Grant-makers believe there aren’t enough philanthropic dollars to support the number of charities, which has
exploded in the past decade. They figured last year’s stock market crash, which zapped individual giving and endowment
income, would force organizations to consolidate.

Thompson

“I’ve seen some efforts towards that,” said Indianapolis Foundation Trustee Milt
Thompson. “Not quite what I was quite frankly hoping for and anticipating.”

Observers offer various
explanations for the lack of mergers. Those include a lack of incentive for not-for-profit managers to merge their way out
of a job. Staff and budget cuts also have left many not-for-profits without the manpower or time for due diligence.

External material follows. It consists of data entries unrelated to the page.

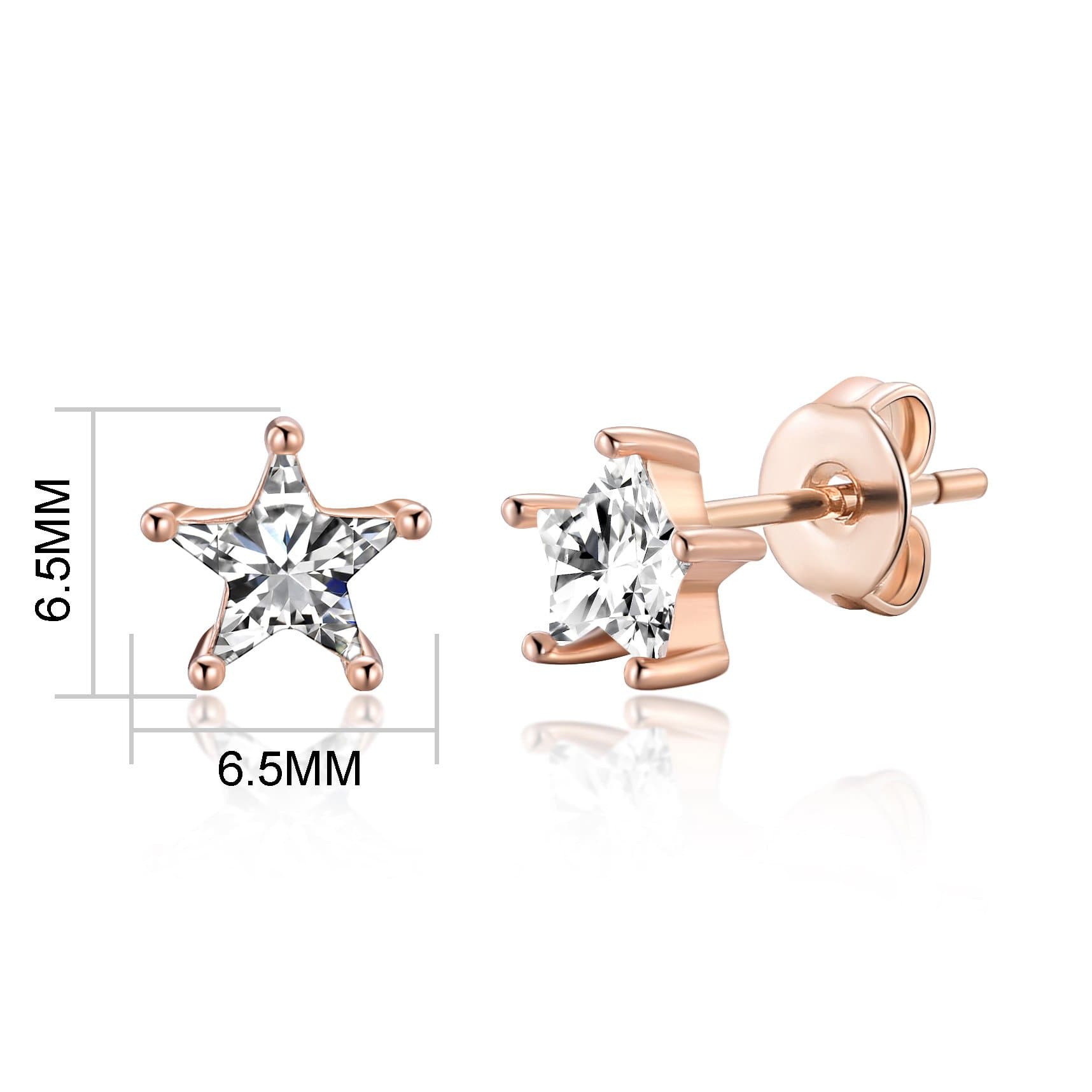 Rose Gold Plated Star Earrings Created with Zircondia® Crystals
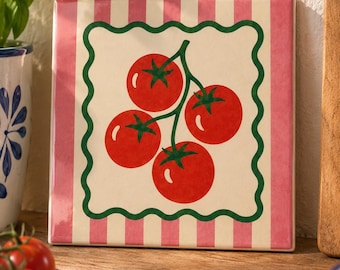 Retro tomatplattor i keramisk stil, väggkonst i medelhavskök (15 x 15 cm)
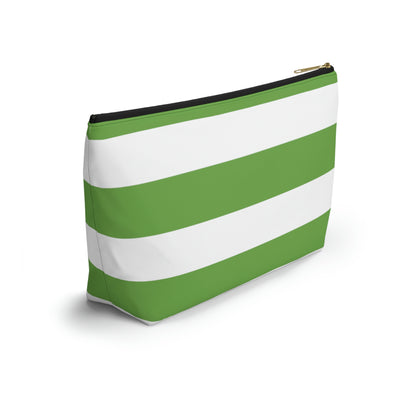 Big Bottom Zipper Pouch - Lime Green/White Stripes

One of the few transactions completed in central Indiana merged Dads Inc. into The Villages, a $22 million child and
family-services organization.

Dads Inc. is a 4-year-old organization with just one employee. Although the merger
was fairly straightforward, it took 10 months to complete and required $90,000 in foundation grants.

The Villages
CEO Sharon Pierce said taking on Dads Inc. made sense because it helps fulfill a strategic goal of engaging fathers. The new
Dads Inc. division may become self-supporting, but it won’t enhance The Villages’ bottom line.

“For
us, it’s much more about mission,” Pierce said.

The Central Indiana Community Foundation, which funded
Dads Inc. in the past, initiated the merger. Grants officer Roderick Wheeler said Dads Inc. ran out of cash, so he tried to
help founder and Executive Director Chris Maples find a management-support organization.

Although Pierce was
game, she said The Villages has its own budget worries. So the Indianapolis Foundation, which is part of CICF, and Nina Mason
Pulliam Charitable Trust provided first-year funding.

Payne

Unlike in the business world, not-for-profit mergers don’t usually enrich top executives, CICF
President Brian Payne said.

In business, he pointed out, “The losing CEO walks off with millions. In the
not-for-profit world, the losing CEO walks off with unemployment.”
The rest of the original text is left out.